How’s your davening these days?

When pain pulls down our prayers, we’re ready for a perspective shift.
How’s your davening these days?

When pain pulls down our prayers, we’re ready for a perspective shift.

There’s a lot going on for the Jewish people these days. A lot of worry and pain. It’s centered in Israel, but it’s touching us all.

For many of us, life doesn’t feel quite the same. The emotions we’re carrying have affected our mood. Our routine. And, along with them, our tefillah.

How do we keep our prayers filled with reverence, with gratitude, with steady focus, when we’re in such emotional turmoil?

A few weeks ago, we mentioned the Nefesh Hachaim’s reference to the Gemara’s teaching that when one davens, “he should cast his eyes downward and his heart above (Brachos 25b).”

To explain this instruction, the Nefesh Hachaim calls upon Rabbeinu Yonah: “[When praying,] one should think in his heart as though he is standing in the Heavens and remove from his heart [any desire] for worldly enjoyment and bodily pleasures. As the early Sages said, ‘When you want to have proper kavanah, separate your body from your soul.’ “

At first glance, this sounds far above our heads. Separate our bodies from our souls? Remove from our hearts desire for worldly enjoyment? Hm, maybe one day.

But what if it wasn’t that hard for us? And what if it was actually the perfect solution for the struggles we’re experiencing in our prayers now?

Let’s start down this path with a question: does your kavana (focus) decrease or increase with the amount of tzar (pain) you’re dealing with?

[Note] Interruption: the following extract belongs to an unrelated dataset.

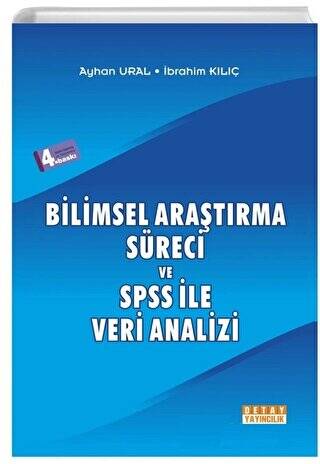 Bilimsel Araştırma Süreci ve SPSS ile Veri Analizi - 1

Many of us would probably answer – well, it depends. When we’re facing sudden distress, when something happens or changes or gets worse, the emotions often overflow easily into our davening.

But when we’re dealing with a chronic situation – she’s still not married, parnassah’s still a struggle, the hostages still haven’t all come home and the bad news is still piling up – our connection to davening tends to erode. And even though we intellectually know no prayer goes unanswered… emotionally, we give up.

Which is why Rabbeinu Yonah’s guidance can change the game.

Think in your heart as though you’re standing in the Heavens.

How do you stand in the heavens? As we learned a few weeks ago, bechira doesn’t exist in the Heavens. There, it’s all yediyah. Prayer is a time when we try to live exclusively in yediyah for a few moments. We ignore our earthly cause-and-effect existence, and look only at the G-dly hand behind the moving chess pieces of our lives.

Good. We understand this. We’ve even practiced it. But what about the second piece of Rabbeinu Yonah’s explanation – the one where he quotes our Sages’ recommendation to “separate our bodies from our souls”?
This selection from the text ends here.